Specialist
Former director at Nvidia Corp
Agenda
- Overview and update of Nvidia's (NASDAQ: NVDA) developments within AI and HPC (high-performance computing)
- Nvidia's AI product applications within the growing data centres
- Geopolitical relationships and implications
- 2023 outlook for AI and DPUs (data processing units
Questions
1.
What 2-3 industry trends are most directly affecting Nvidia today? What would you say has the biggest direct impact? The broader semiconductor industry is an unprecedented time of macroeconomic turbulence.
2.
How do you think Nvidia might position itself to make up for lost market share from competition? While it is a threat on one end, do you see a possibility of this increased competition becoming a catalyst for more complex technological developments for a company such as Nvidia also?
3.
In a perfect world, Nvidia continues to be the leader to pioneer end-to-end DPUs [data processing units]. If this is the case in 4-5 years, what do you see as the biggest pros to emerge from nailing this technology?
4.
What do you point to as the biggest trends in AI that drive companies’ decisions? Furthermore, for a company such as Nvidia that plays in various spaces of AI, what do you think its focus will continue to be as we head into 2023?
5.
Is there anything similar about these two areas of investments that you mentioned – the omniverse and autonomous driving? Although seemingly these are different fields, why do you think a company such as Nvidia, who has resources, connections and the customers, will focus on these two areas specifically?

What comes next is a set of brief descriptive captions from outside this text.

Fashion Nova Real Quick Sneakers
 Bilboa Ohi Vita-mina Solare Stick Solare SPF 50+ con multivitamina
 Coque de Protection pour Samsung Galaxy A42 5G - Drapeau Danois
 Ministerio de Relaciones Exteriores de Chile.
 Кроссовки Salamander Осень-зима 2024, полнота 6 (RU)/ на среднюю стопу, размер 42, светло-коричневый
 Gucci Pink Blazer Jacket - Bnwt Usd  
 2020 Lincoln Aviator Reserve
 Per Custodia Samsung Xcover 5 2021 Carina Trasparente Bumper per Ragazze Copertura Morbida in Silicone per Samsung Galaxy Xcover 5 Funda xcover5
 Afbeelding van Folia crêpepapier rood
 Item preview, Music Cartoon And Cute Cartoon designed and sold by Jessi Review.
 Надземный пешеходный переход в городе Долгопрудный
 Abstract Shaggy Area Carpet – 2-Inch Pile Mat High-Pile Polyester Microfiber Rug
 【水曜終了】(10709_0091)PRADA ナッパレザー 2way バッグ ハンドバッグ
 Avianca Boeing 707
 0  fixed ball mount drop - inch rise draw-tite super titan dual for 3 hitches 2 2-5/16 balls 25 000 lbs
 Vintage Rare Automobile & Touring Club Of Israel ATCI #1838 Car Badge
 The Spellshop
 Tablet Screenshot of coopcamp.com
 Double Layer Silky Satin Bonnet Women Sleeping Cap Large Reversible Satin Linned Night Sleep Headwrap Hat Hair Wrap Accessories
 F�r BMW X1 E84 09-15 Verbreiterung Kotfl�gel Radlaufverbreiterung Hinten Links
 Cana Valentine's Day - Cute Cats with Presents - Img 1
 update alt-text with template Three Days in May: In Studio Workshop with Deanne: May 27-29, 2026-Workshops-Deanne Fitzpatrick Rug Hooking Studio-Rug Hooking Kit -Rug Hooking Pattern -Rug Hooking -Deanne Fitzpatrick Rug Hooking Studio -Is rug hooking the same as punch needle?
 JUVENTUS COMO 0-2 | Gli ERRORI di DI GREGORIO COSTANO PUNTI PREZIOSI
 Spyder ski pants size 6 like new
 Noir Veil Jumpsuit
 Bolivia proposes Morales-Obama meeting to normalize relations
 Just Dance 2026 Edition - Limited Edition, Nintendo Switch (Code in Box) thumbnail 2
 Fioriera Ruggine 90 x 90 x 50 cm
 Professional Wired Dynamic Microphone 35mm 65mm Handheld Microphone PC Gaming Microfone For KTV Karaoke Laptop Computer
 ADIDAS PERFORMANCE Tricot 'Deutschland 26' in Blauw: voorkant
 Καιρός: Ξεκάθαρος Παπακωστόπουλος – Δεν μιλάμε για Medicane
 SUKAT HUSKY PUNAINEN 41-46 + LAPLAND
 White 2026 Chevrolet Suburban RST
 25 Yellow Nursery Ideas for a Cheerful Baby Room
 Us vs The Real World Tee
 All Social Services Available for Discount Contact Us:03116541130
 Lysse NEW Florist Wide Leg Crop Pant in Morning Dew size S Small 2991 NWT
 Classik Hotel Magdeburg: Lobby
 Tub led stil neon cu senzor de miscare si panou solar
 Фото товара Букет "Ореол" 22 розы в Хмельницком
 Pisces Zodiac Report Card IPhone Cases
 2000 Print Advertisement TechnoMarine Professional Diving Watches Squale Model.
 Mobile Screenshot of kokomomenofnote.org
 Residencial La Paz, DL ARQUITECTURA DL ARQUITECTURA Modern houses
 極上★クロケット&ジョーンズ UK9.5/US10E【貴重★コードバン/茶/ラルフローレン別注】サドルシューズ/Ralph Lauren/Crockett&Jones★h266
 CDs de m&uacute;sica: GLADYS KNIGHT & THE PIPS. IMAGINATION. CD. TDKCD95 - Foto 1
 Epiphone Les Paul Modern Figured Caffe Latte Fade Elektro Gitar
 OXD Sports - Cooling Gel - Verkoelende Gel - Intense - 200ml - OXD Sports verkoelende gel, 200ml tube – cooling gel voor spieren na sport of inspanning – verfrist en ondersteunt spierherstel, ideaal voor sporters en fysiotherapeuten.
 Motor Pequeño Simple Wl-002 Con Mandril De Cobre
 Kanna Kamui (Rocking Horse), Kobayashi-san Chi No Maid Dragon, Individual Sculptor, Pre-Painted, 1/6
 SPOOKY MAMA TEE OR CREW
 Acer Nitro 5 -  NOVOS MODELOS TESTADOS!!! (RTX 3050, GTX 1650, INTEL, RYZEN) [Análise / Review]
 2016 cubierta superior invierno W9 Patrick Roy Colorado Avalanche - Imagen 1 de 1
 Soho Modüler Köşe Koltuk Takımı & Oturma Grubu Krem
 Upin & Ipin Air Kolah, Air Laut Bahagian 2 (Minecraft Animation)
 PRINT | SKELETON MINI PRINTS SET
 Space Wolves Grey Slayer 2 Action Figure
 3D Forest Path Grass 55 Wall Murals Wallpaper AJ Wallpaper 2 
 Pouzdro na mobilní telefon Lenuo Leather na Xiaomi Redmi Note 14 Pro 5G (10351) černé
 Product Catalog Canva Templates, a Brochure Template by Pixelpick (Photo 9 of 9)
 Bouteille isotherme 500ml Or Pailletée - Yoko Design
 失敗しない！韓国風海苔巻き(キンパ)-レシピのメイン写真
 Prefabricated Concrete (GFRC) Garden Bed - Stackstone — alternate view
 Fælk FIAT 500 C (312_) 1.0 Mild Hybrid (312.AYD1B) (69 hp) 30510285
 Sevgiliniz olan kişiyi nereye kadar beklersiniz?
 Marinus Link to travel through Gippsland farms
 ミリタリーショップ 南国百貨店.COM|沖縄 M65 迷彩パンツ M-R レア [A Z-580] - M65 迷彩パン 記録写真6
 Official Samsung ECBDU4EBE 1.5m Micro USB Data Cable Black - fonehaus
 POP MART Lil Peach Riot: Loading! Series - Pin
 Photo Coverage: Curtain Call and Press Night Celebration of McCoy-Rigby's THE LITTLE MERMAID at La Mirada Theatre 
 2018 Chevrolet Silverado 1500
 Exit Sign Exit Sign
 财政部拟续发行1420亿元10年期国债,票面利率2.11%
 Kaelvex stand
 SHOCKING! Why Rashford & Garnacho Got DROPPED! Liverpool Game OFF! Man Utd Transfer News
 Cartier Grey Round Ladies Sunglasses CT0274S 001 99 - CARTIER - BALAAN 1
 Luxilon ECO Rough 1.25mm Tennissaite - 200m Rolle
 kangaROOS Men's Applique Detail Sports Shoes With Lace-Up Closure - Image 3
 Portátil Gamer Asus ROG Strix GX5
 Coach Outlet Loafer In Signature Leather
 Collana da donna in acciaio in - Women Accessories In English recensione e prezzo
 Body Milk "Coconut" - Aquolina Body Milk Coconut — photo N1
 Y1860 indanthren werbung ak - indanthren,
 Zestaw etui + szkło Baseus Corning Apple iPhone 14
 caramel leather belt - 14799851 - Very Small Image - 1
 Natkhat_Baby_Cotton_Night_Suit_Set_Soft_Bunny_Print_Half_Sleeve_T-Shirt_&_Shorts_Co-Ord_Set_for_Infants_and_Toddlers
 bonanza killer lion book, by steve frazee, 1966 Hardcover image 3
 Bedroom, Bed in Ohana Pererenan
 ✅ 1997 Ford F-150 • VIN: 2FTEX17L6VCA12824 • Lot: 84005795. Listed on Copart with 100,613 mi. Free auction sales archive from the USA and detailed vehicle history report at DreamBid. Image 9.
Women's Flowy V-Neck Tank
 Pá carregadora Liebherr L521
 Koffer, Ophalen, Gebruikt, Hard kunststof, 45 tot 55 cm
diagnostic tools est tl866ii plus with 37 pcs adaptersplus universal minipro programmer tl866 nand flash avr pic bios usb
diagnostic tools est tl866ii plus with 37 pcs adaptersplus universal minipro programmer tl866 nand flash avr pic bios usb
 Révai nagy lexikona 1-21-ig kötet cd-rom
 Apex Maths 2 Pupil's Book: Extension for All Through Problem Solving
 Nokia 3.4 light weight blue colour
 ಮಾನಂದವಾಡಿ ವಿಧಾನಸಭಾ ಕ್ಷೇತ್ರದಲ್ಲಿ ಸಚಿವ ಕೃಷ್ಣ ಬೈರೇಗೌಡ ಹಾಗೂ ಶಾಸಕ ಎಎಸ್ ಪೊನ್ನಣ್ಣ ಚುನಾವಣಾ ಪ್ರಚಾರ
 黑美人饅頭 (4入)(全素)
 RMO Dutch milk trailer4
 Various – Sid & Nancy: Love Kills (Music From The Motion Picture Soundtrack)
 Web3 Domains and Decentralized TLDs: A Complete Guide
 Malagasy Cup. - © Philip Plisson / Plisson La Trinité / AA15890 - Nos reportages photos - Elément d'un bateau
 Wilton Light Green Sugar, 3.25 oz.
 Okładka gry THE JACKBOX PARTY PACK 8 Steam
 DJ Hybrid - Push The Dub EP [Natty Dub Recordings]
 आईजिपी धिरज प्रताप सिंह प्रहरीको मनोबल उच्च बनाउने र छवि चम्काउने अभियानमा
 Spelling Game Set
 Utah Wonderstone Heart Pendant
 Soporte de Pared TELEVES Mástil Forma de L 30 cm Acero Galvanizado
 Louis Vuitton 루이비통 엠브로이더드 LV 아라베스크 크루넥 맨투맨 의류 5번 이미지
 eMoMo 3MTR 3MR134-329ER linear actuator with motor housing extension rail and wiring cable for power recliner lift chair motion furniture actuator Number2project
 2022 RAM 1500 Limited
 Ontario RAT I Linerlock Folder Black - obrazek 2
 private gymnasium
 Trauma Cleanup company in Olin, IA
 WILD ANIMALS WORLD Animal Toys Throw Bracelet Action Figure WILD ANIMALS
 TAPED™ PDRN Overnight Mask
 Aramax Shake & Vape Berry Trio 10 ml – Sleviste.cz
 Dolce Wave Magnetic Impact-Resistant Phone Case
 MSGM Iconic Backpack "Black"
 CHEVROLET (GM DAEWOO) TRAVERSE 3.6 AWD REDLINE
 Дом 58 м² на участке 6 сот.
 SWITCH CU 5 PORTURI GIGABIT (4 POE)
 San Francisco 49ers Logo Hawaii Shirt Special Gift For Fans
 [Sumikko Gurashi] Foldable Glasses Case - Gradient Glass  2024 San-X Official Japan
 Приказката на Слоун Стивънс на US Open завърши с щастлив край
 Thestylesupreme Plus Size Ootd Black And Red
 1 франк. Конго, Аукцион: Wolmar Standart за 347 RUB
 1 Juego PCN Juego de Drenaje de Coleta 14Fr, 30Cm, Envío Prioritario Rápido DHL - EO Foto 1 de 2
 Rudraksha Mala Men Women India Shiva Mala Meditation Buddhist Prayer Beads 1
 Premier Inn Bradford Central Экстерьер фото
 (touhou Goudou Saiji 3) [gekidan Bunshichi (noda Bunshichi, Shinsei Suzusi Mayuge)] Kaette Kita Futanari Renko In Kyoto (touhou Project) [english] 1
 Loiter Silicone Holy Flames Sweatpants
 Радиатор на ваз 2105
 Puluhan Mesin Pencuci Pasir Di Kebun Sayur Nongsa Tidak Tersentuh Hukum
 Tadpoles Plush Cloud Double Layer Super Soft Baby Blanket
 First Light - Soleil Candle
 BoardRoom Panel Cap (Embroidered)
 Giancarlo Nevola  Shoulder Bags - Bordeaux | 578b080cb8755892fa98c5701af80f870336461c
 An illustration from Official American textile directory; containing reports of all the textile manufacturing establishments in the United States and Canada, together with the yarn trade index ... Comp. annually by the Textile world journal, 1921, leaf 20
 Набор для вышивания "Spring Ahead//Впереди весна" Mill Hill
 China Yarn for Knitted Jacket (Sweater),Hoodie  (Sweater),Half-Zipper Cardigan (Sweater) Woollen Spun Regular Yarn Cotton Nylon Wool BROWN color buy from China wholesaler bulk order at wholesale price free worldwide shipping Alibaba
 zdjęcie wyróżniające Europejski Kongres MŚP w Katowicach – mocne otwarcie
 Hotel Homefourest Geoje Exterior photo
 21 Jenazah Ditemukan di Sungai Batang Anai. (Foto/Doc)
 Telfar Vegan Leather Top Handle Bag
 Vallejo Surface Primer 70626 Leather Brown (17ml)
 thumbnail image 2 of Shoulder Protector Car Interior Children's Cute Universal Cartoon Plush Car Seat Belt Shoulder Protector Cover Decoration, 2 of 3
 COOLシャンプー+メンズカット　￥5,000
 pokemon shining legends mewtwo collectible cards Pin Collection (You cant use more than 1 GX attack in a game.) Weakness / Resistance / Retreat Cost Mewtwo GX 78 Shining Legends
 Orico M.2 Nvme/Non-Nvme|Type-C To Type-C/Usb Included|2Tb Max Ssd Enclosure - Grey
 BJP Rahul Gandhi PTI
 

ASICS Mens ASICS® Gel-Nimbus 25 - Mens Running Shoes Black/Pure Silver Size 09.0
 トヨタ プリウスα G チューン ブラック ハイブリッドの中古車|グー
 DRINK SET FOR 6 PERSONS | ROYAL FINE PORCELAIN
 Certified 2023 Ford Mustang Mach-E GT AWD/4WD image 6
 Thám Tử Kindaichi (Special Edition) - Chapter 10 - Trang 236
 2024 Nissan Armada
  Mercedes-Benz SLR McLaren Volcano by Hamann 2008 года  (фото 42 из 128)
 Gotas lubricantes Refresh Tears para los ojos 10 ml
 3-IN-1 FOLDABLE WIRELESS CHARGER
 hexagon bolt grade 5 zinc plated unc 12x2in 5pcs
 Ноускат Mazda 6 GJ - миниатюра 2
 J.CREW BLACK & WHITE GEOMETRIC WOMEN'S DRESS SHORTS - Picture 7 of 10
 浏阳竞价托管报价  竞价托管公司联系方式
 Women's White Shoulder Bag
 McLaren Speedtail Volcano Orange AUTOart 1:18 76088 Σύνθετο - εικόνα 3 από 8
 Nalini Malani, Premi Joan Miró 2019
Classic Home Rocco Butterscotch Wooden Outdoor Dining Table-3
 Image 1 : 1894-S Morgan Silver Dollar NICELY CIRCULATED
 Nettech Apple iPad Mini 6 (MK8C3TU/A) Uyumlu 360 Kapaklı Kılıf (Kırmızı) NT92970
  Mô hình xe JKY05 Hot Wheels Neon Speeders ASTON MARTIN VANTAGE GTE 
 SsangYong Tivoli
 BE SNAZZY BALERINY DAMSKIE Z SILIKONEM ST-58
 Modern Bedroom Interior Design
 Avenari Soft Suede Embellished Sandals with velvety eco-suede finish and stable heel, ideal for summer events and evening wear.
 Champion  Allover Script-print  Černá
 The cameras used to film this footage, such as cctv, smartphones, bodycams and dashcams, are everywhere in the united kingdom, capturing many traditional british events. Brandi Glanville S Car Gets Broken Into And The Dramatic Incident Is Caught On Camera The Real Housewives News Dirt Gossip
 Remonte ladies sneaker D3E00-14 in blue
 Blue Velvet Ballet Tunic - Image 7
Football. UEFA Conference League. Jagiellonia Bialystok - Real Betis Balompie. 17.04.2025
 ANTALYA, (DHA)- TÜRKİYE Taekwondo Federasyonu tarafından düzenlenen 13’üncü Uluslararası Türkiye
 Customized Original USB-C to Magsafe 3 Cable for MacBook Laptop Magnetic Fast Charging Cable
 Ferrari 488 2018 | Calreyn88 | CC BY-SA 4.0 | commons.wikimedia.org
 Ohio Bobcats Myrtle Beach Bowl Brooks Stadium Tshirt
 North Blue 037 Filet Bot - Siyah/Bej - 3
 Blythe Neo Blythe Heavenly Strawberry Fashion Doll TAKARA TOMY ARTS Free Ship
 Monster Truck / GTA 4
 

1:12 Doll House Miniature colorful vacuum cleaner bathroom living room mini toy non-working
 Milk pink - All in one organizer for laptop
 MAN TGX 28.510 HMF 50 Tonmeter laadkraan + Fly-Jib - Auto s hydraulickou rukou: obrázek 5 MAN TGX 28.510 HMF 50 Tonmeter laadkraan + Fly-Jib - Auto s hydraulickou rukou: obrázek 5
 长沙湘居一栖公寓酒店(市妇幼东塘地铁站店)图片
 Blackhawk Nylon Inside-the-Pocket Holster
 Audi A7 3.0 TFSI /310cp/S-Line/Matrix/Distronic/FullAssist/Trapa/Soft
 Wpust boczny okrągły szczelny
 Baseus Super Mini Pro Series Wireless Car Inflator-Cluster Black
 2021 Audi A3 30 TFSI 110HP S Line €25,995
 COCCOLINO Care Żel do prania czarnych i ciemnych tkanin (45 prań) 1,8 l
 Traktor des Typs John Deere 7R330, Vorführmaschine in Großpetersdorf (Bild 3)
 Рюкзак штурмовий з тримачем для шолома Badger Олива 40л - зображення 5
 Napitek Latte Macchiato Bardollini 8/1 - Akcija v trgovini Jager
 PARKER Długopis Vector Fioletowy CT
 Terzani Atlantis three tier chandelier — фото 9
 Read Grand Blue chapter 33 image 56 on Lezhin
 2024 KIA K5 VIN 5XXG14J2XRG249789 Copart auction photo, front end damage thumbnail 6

Is there a common theme that ties them together?
6.
What’s special about the way that Nvidia puts together AI operations and executes within its teams and its company? With a company this big, with so many different end markets and facets, can you detail your experience and explain its trajectory as more applications become more complex and specialised?
7.
You mentioned Google, competitors such as Intel and AMD on the hardware side. How does the way Nvidia structures its teams compare vs competitors? Is there an inherent benefit you can see immediately?
8.
You mentioned generative AI. What does this mean in terms of the current semiconductor landscape and the growth and increased appetite of AI? Could you highlight Nvidia’s developments here? Why is it so important and why is this something that the industry is ignoring?
9.
It seems that in HPC [high-performance computing], Nvidia does have a pretty sizeable opportunity. How much of the market could the company take in terms of generative AI within HPC needs
10.
Do you think Nvidia will capture HPC market share primarily through hardware with its GPUs, or more through from an infrastructure lens, as you were saying?
11.
You mentioned the automation and fully autonomous data centre. Do you consider this a possibility by 2030, and if so, what are the major steps that need to be taken to ensure this?
12.
Could you speak to the trajectory of the next generation of AI tools? Where do you think we’ll see the most needed applications, and why?
13.
This shift that we’re seeing in these natural language processing tools, you’re talking about a lot of redundancy in the models. Is it safe to say that we’re going to see consolidation or saturation, with just a couple of leaders providing all these models?
14.
Just wondering, as we look forward to 2023 now, the impact overall on the data centres, is the main goal going to be efficiency, or is it going to be cost reduction when it comes to the integration of these AI applications?
15.
As you look towards 2023 and you notice Nvidia’s placements and developments in AI, what are you most excited about, what should we look forward to and what do you recognise as some of the biggest challenges? On the other side too, we’re seeing tensions across the seas between US and China and a lot of geopolitical turbulence. What are your thoughts on that?